Die Kunden des Salons Lachermeier haben für die Maßnahmen Verständnis, aber nur zum Teil. "Einige würden gerne, dass wir zu ihnen kommen und die Haare schneiden, was wir natürlich nicht machen. Meine Gesundheit ist mehr wert als alles andere", so der Inhaber Georg Lachermeier.

Er übernahm seinen elterlichen Friseurbetrieb, der 1971 in Neufahrn öffnete, und ist mit seinem Salon mittlerweile im 24. Jahr in Garching.

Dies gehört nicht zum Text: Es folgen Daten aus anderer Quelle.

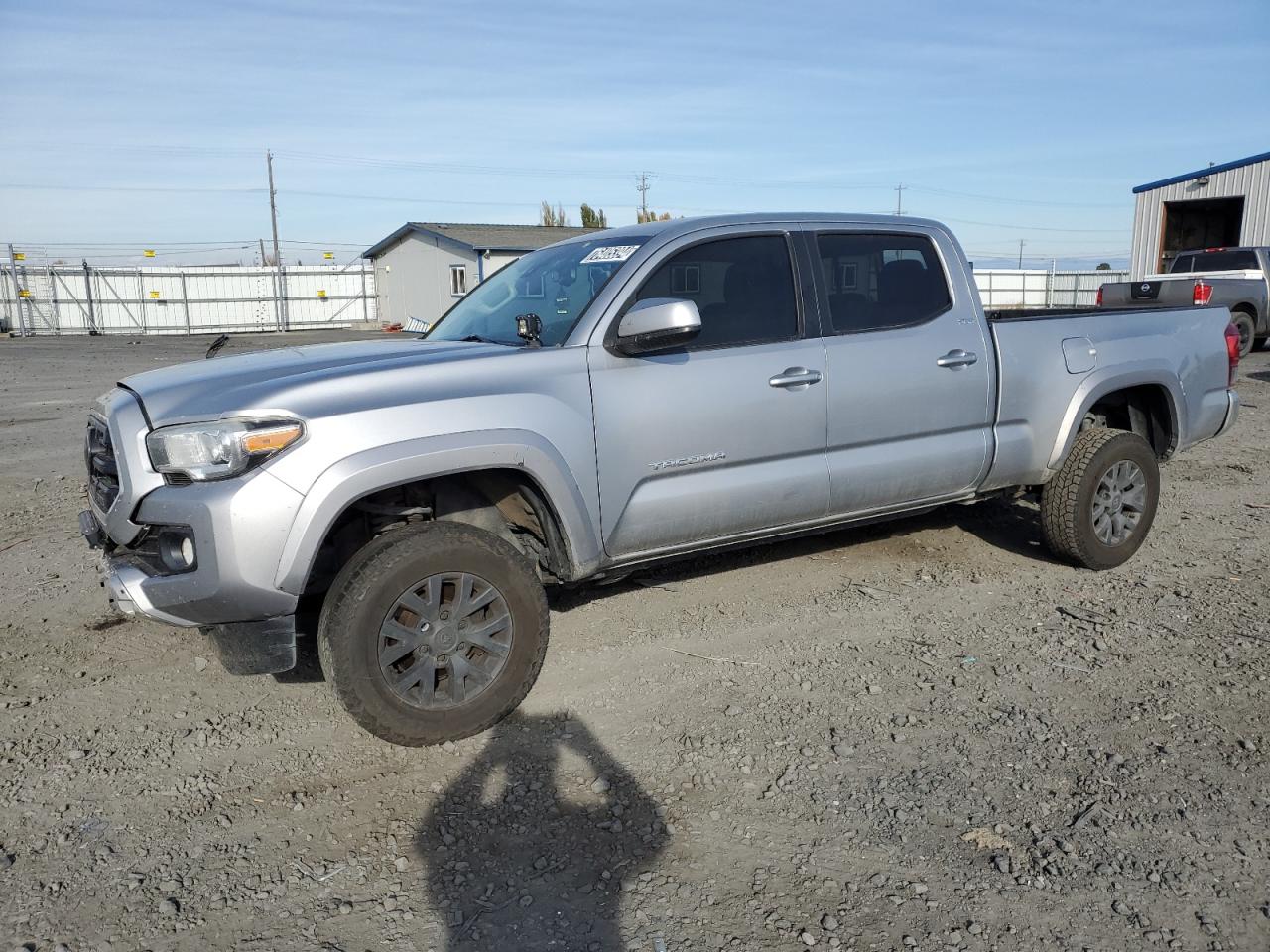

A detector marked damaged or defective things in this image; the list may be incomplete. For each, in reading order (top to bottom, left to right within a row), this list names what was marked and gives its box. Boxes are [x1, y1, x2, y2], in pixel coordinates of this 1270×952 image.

exposed headlight [145, 418, 303, 479]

Er sah die Schließungen kommen. "Ich war ein Vorreiter, der es nicht verstanden hat, warum wir noch aufhaben dürfen, wenn der Sicherheitsabstand 1,5 Meter beträgt." Er arbeitete nicht bis zum letzten Tag vor dem Shutdown im Salon. "Das letzte Mal habe ich am 18. März die Haare geschnitten, da wir selbst schon ab dem 19. März eine Reduzierung der Kunden im Salon vornahmen und entsprechend mit weniger Personal arbeiteten."

Eine Lockerung erhofft sich Lachermeier finanziell gesehen so bald wie möglich, "vom gesundheitlichen Blickwinkel aus allerdings erst dann, wenn es nur noch ein minimiertes Risiko für Mitarbeiter, Kunden und mich gibt", und so liefert Lachermeier momentan Produkte wie Haarfarben an Kunden aus, beschäftigt sich aber auch mit einer Charityaktion für "Die Haarspender" und steht mit einem telefonischen Hilfsdienst bereit, um den Kunden zu helfen. Ein Ratschlag, den er in letzter Zeit oft sagt: "Steht zum Ansatz und den langen Haaren."